Rust projects are much easier to build, especially when supporting multiple platforms. I've converted projects to Rust to make them easier to build and deploy.
Does Cargo re-use dependencies today? Last time I tried to build medium-sized Rust projects, it pulled hundreds of dependencies each time, even the same ones. It took up too much space, and took too long to build.
That would only work if the C code was treated as a generated artifact and not touched directly. If the C code is worked on directly it will be just as susceptible to unsafe changes as before.
Comparably easy to deploy perhaps but easier? Is there some scenario you have in mind where that would be worth the overhead of that complex extra step?
Codecs, like browsers, are handling malformed and potentially hostile data non-stop. And like browsers, they tend to be widely deployed. Further, like cryptographic software, they do a lot of parsing and complex math on their inputs. Writing safe parsers is notoriously difficult, and ideally suited to memory safe languages and parser-generators. All this adds up to a high likelihood of idiosyncratic bugs, which are attractive to exploit.
This is why Apple disables most codecs in iMessage in lockdown mode.
"...can Rust achieve the memory-safety promise? This paper studies the question by surveying 186 real-world bug reports collected from several origins which contain all existing Rust CVEs (common vulnerability and exposures) of memory-safety issues by 2020-12-31. We manually analyze each bug and extract their culprit patterns. Our analysis result shows that Rust can keep its promise that all memory-safety bugs require unsafe code..."
You can't change the environment codecs are expected to run in, or the data they are used to process, but you can use effective tools to limit the sorts of bugs you are likely to run into, and isolate them to the relatively small area between unsafe declarations. Exploitable C style memory errors simply aren't possible in memory safe languages like Python, for instance, but Python leaves performance on the table which is valuable for codecs. Rust provides a high degree of memory safety while performing as well as C or C++.

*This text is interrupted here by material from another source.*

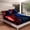 Red Blue, variant on Gaming Queen Size Fitted Sheet For Kids Teen Girls Game Controller Bedding Set 3Pcs Gamer Bed Sheets For All Season,Purple Black Geometric Check Sheets For Young,Soft Breathable(No Top Sheet)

Rust addresses opaqueness and untestedness directly, by enforcing the language constraints at compile time. Rust addresses the privileged nature of the code and it's exposure directly by disallowing the most common bugs used to gain access to that privileged execution. Obscurity and diversity can both benefit from Rust's integration of Cargo and the resultant ease with which it allows for sharing common code.
In short, expressing this code in an appropriate language can absolutely address and even go some way toward correcting each of those issues.